山づと。「づと」は、草かんむりに包むと書く。山から持ち帰ったおみやげ、というような意味らしい。

気付くともう10月も終わろうとしている。
結局9月は来られなかったので、久しぶりの寄り道だ。

最近、色々なことに追われてしまっていて、この日も正直、このお店で、じっくりとお菓子に向き合い、楽しむことができるだろうかという気持ちもあったが、思い切って、暖簾をくぐった。


暑くもなく、寒くもない。おだやかな、曇り空の秋の日。


おばあちゃんが運んできてくれたお菓子は、真っ白なまん丸いお饅頭だった。

じょうよまんじゅうというのか、ほんのりとやまと芋の香りがして、もっちりとした食感の皮の中に、栗のあんこが入っている。

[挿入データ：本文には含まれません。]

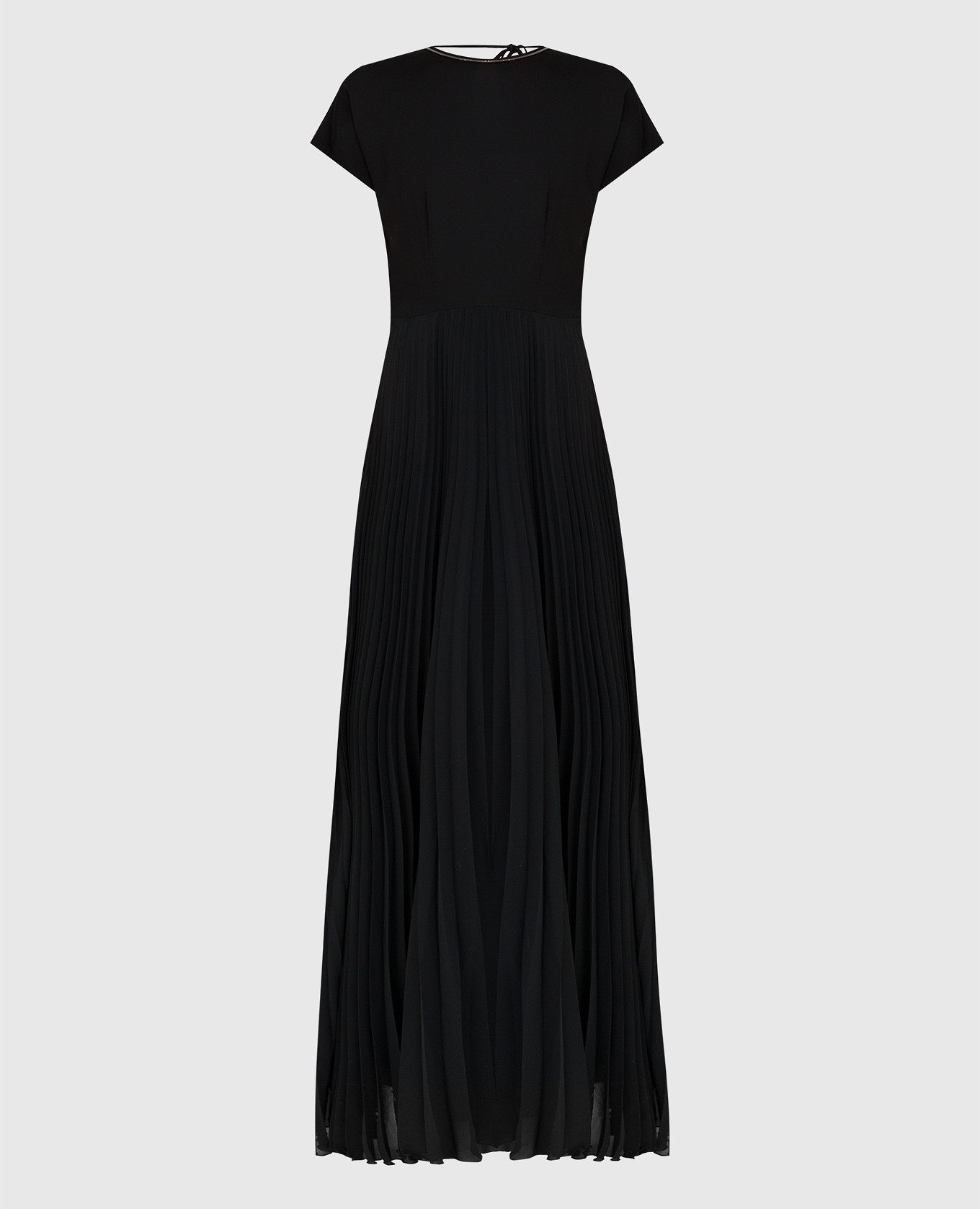 Черное платье-плиссе с цепочками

栗あんは、ほろほろとして、栗本来の甘みと風味が感じられ、高級な栗きんとんのようだった。


ここ数年は遠ざかってしまっていたが、近隣の小さな山道をよく歩いていた時期があった。そういえば、今ごろの季節が、歩くにはいちばん楽しかったっけ。みずみずしいむかごの香り。山栗もたくさん落ちている場所があって、拾って帰ったり。なんだかすっかり忘れていた。山づと。お山からの、贈りもの。その、わくわくするような、喜ばしい気分。


そのお菓子は、素朴な味わいだったけれど、そのぶん、香りや風味が生きていて、それらが、私のなかの、忘れかけていた感情を、よびさましてくれたような気がした。